I would keep the configuration in a config file. This also prevents stuff like:

# database configuration
database_config = {'host': 'candidate-coding-challenge.dox.pub',
 'user': 'de_candidate',
 'password': 'P8MWmPPBLhhLX79n',
 'port': 3316,
 'database': 'data_engineer'}

Where you could accidentily upload your password. The way I do this is by adding:

folder/
 .gitignore
 main.py
 config/
 config.yaml
 config.yaml-template

Here the config.yaml would be added to the .gitignore and all non-sensitive info could be already filled out in the config.yaml-template.

I would also not have your file run on import. You can do this with a simple structure like:

def main():
 # do stuff
if __name__ == '__main__':
 main()

Furthermore api_endpoint_iterator is a very long function, I would try to split it into smaller functions which are easier to test.

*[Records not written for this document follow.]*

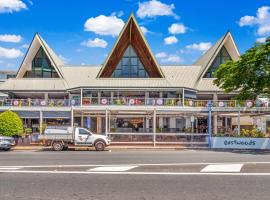 Beach Plaza Accommodation, Hotel in Airlie Beach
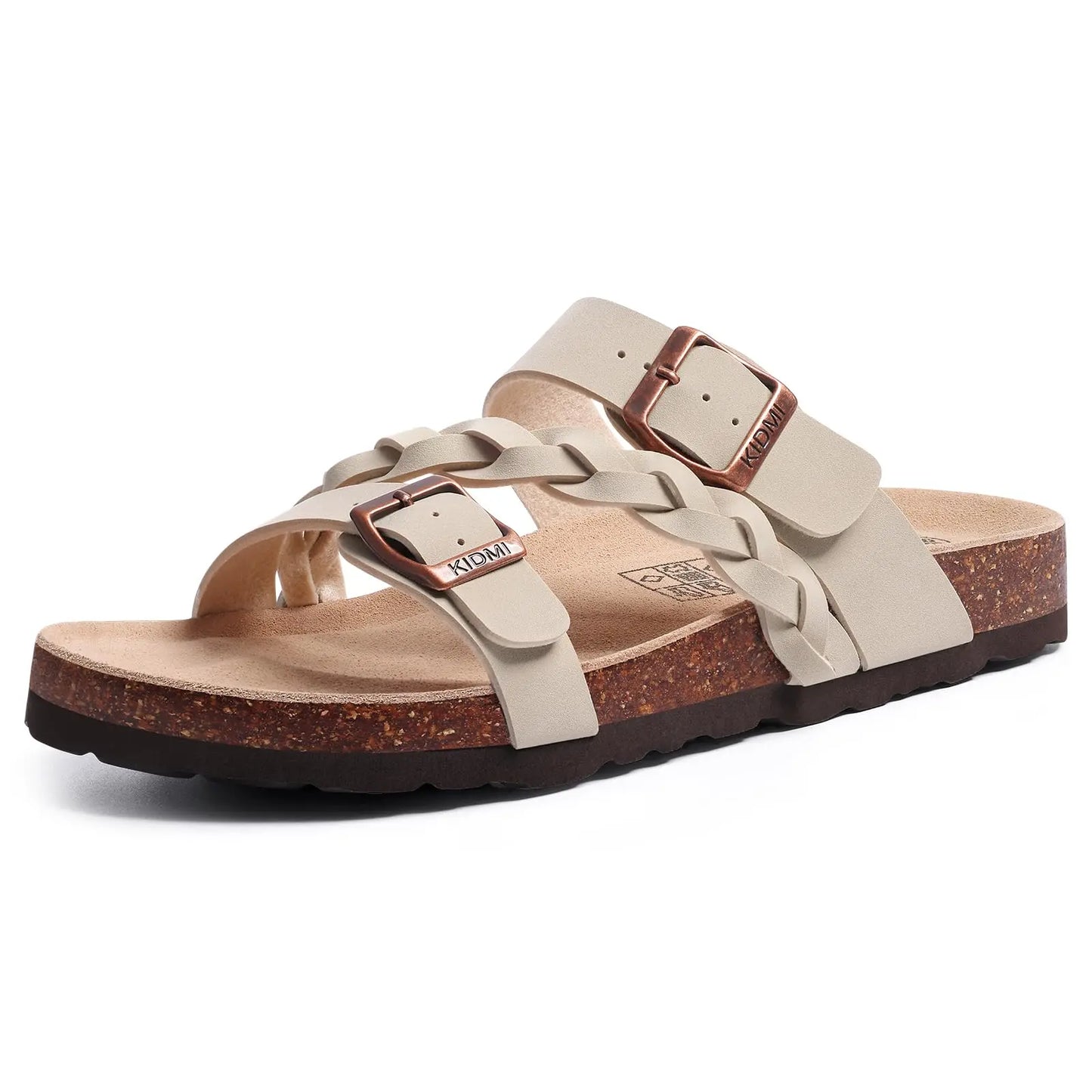 KLARA – Flechtsandalen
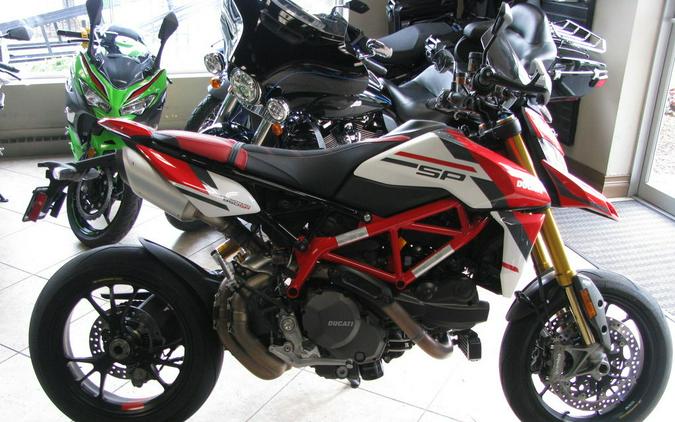 2023 Ducati Hypermotard 950 SP Livery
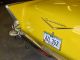 1957 Chevy 210 2 - Door Corvette Yellow / Gray Interior Bel Air/150/210 photo 9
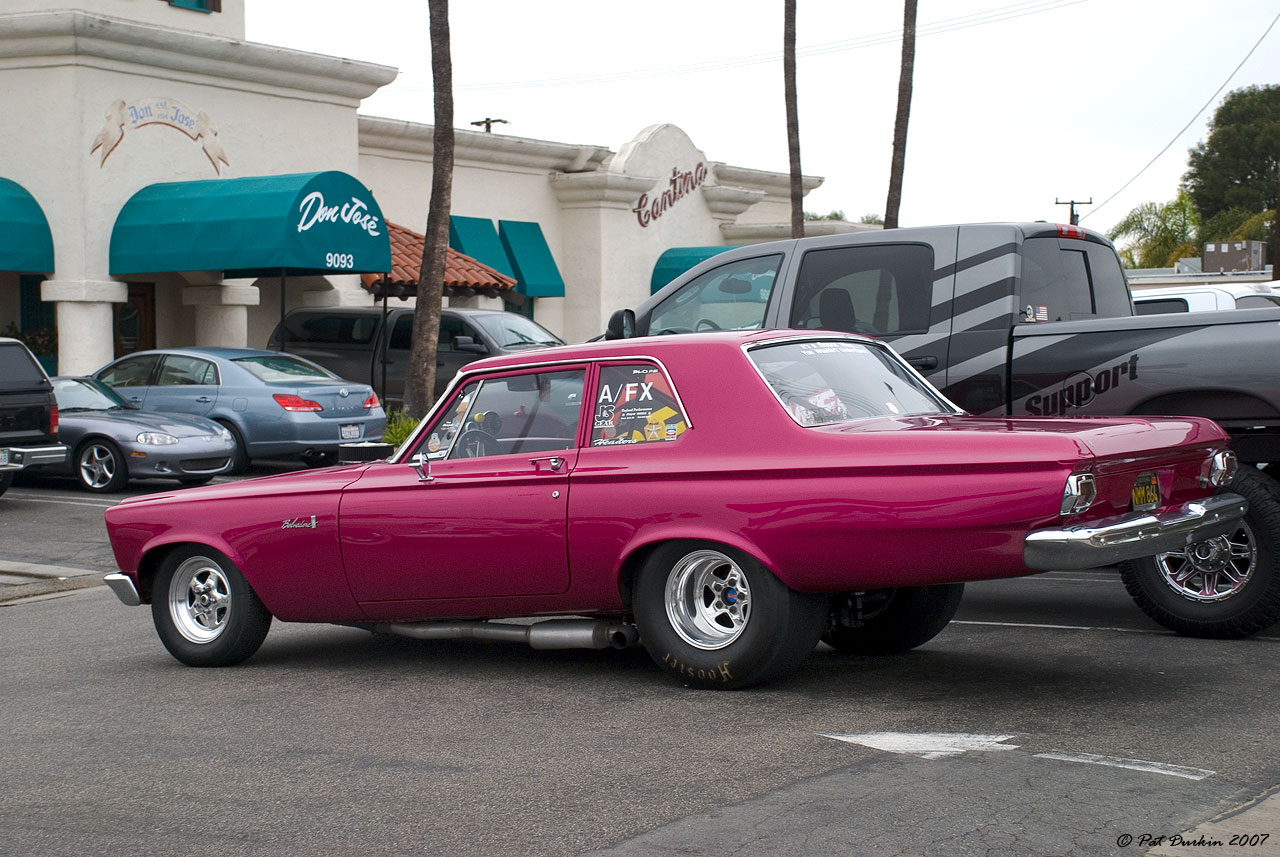 Plymouth Belvedere #7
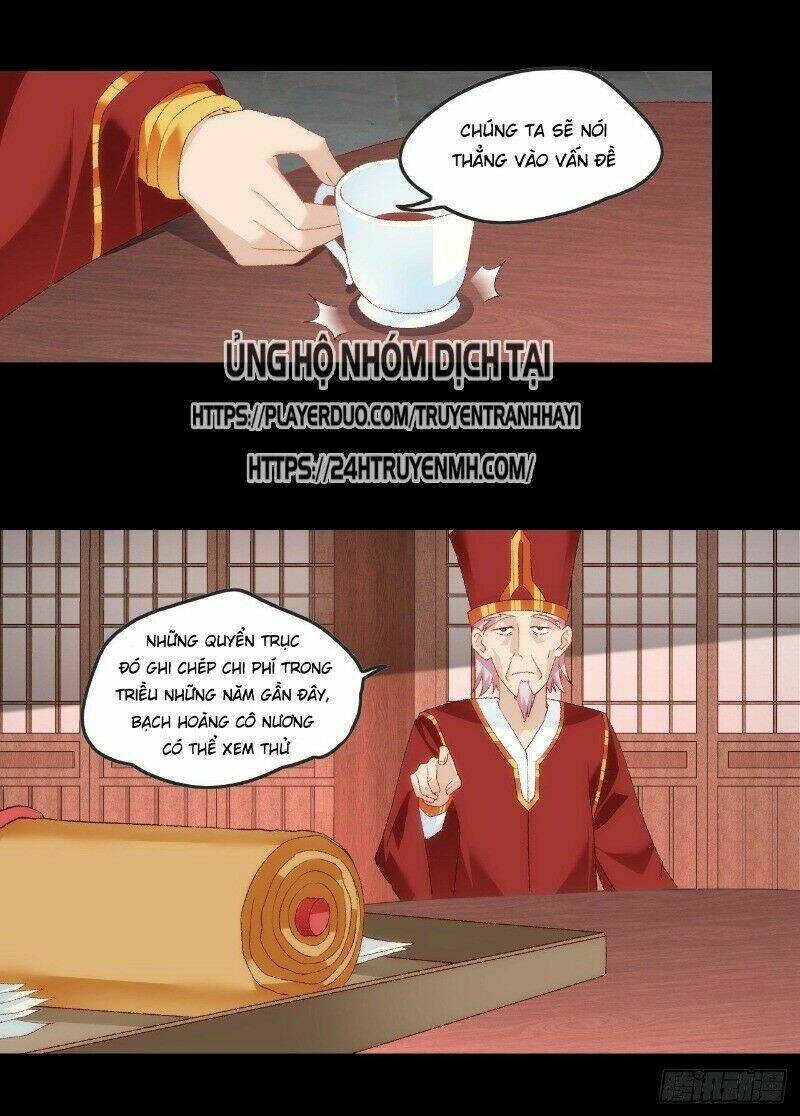 lãnh chúa cái gì không quan trọng chapter 61 13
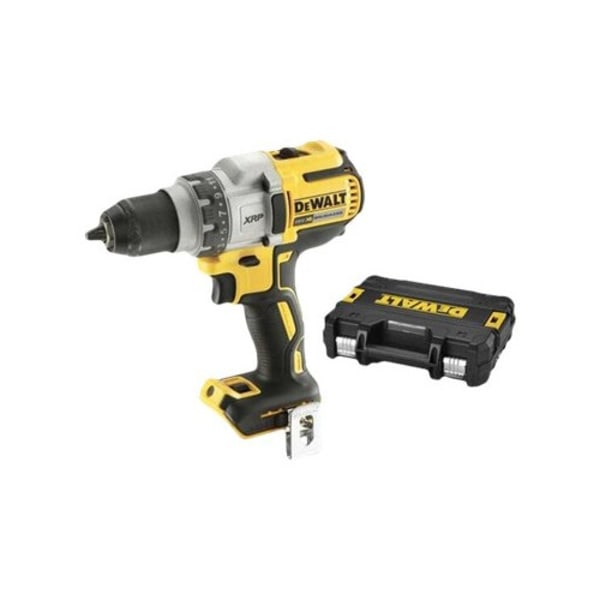 DeWALT BASIC VERSION DCD991NT-XJ - borr/drivare - sladdlös - 3 hastigheter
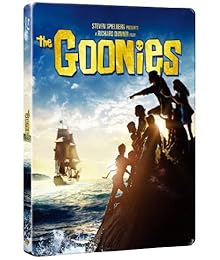 The Goonies Import Japon [Blu-Ray Steelbook]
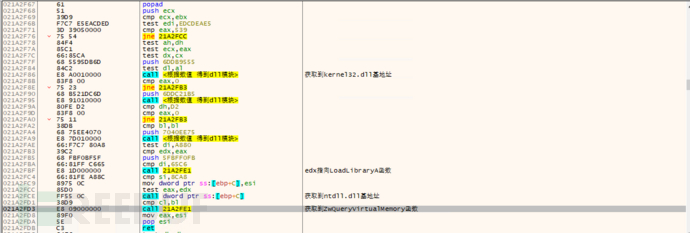 Guloader ShellCode的作用是什么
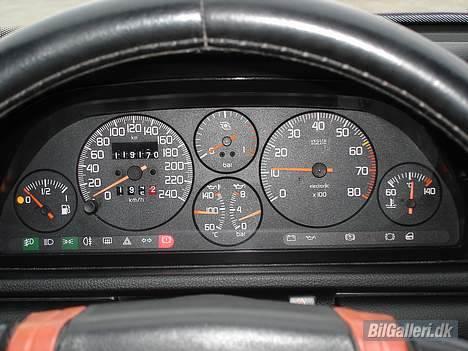 Fiat Uno Turbo Racing-solgt - har ikke råd til benzz billede 4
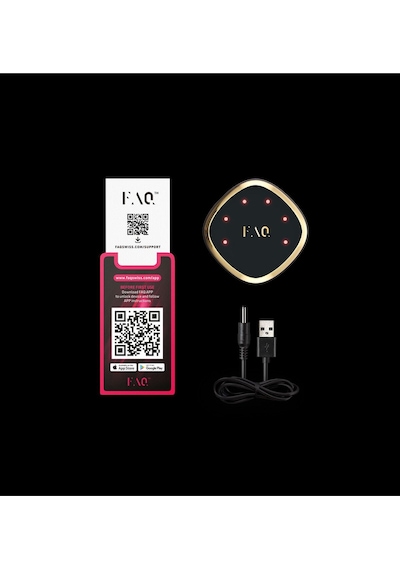 Foreo Faq 302 Lazer & Led Saç Derisi Masaj Aleti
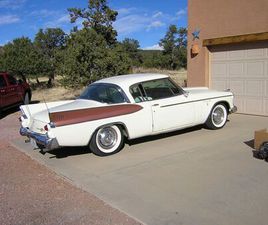 STUDEBAKER GOLDEN HAWK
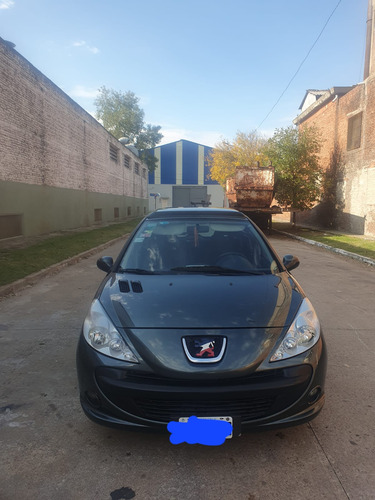 Peugeot 207 2.0 Sedan Xt Hdi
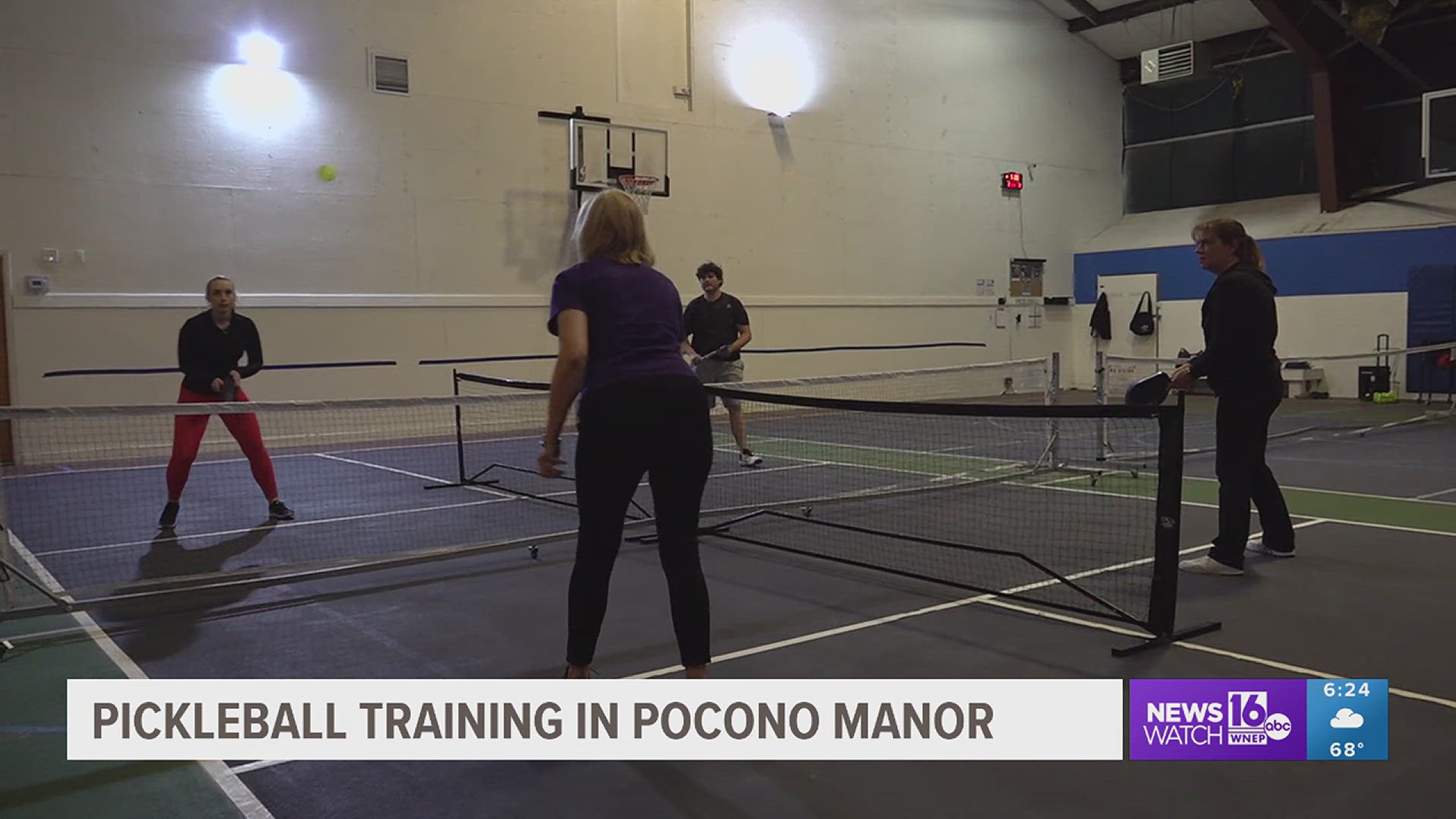 Growing trend in this sport and exercises that lead to non-injuries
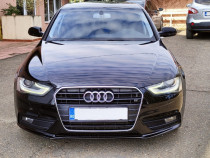Audi A4 Quattro 2.0 TDI 177 cp full options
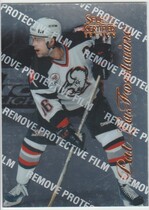 1996 Pinnacle Select Certified #9 Pat LaFontaine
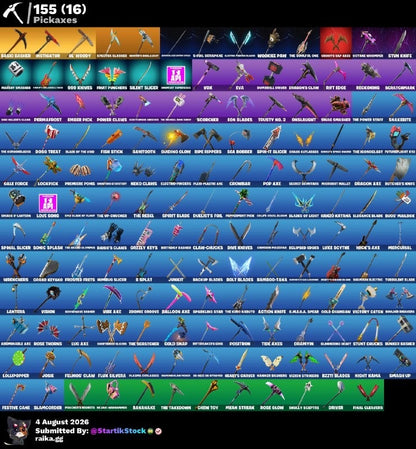 🎮 Cuenta Fortnite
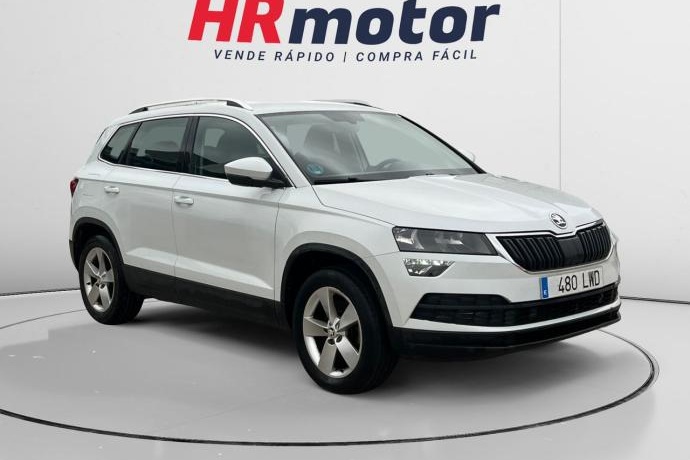 SKODA Karoq Ambition 4x4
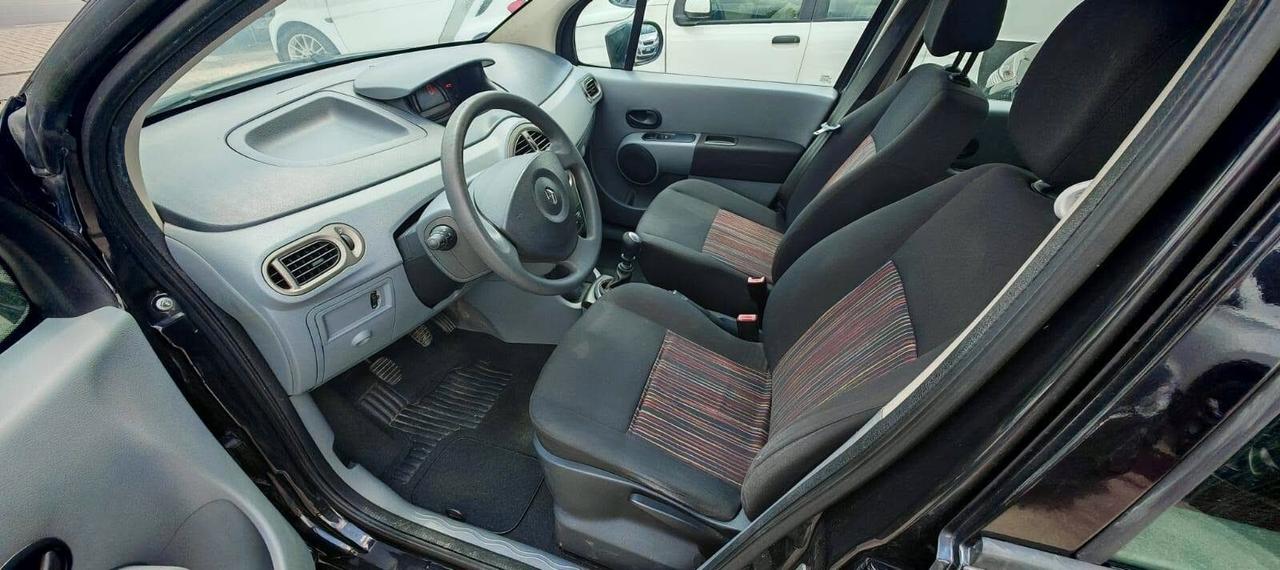 Renault Modus 1.5 dCi 85CV Expression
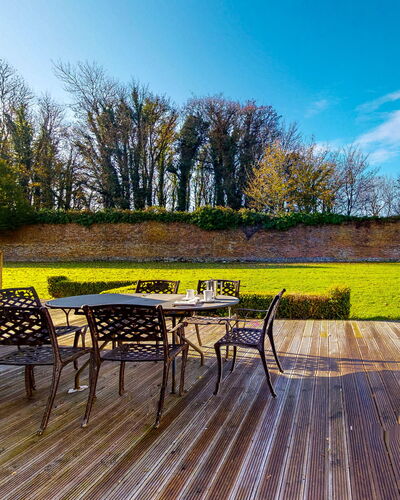 Castlemartyr Lodges (Tr4) No 3 (2 Bed)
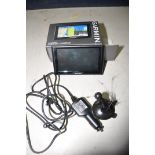 A GARMIN DRIVE 51 SAT NAV in original box with all wires and instruction manuals (UNTESTED)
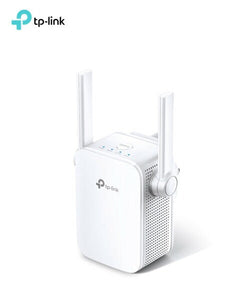 TPLINK EXTENDER AC1200 RANGE PLUGGED WI-FI WALL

Lastly, you explain what what is using:

#
# Section description
#

This might work for shorter assignments, but I preffer to split it into files so you can easier find everything:

folder/
 .gitignore
 main.py
 config/
 config.yaml
 config.yaml-template
 utils/
 helper_functions.py
 core/
 main_functions.py

Question 8

I up-voted, but it won't display since my reputation isn't high enough. Thank you very much for the feedback, it's incredibly helpful. If there are any other ways to improve the code I would be very appreciative. Do you have any good examples of how to organize code... like using config, utils, and core directories? Thanks again.

Question 9

@DanielR I made this as an example for my friends: gitlab.com/nathan_vanthof/space_invaders

Setris Setris 1,6881 gold badge10 silver badges17 bronze badges · Answer 1 · 2020-02-09 12:49:05Z

First impression is the code is well-documented and is easy to read, especially given the context of it being an interview assignment. But there are definitely places where it can be improved, so let's start with the low-hanging fruit: execution time performance and memory consumption.

`requests.Session`

All API calls are to the same host, so we can take advantage of this and make all calls via the same requests.Session object for better performance. From the requests documentation on Session Objects:

The Session object allows you to persist certain parameters across requests. It also persists cookies across all requests made from the Session instance, and will use urllib3’s connection pooling. So if you’re making several requests to the same host, the underlying TCP connection will be reused, which can result in a significant performance increase (see HTTP persistent connection).

Example:

with requests.Session() as session:
 for page_number in range(1, num_pages + 1):
 # ...
 json_response = session.get(url, params=params).json()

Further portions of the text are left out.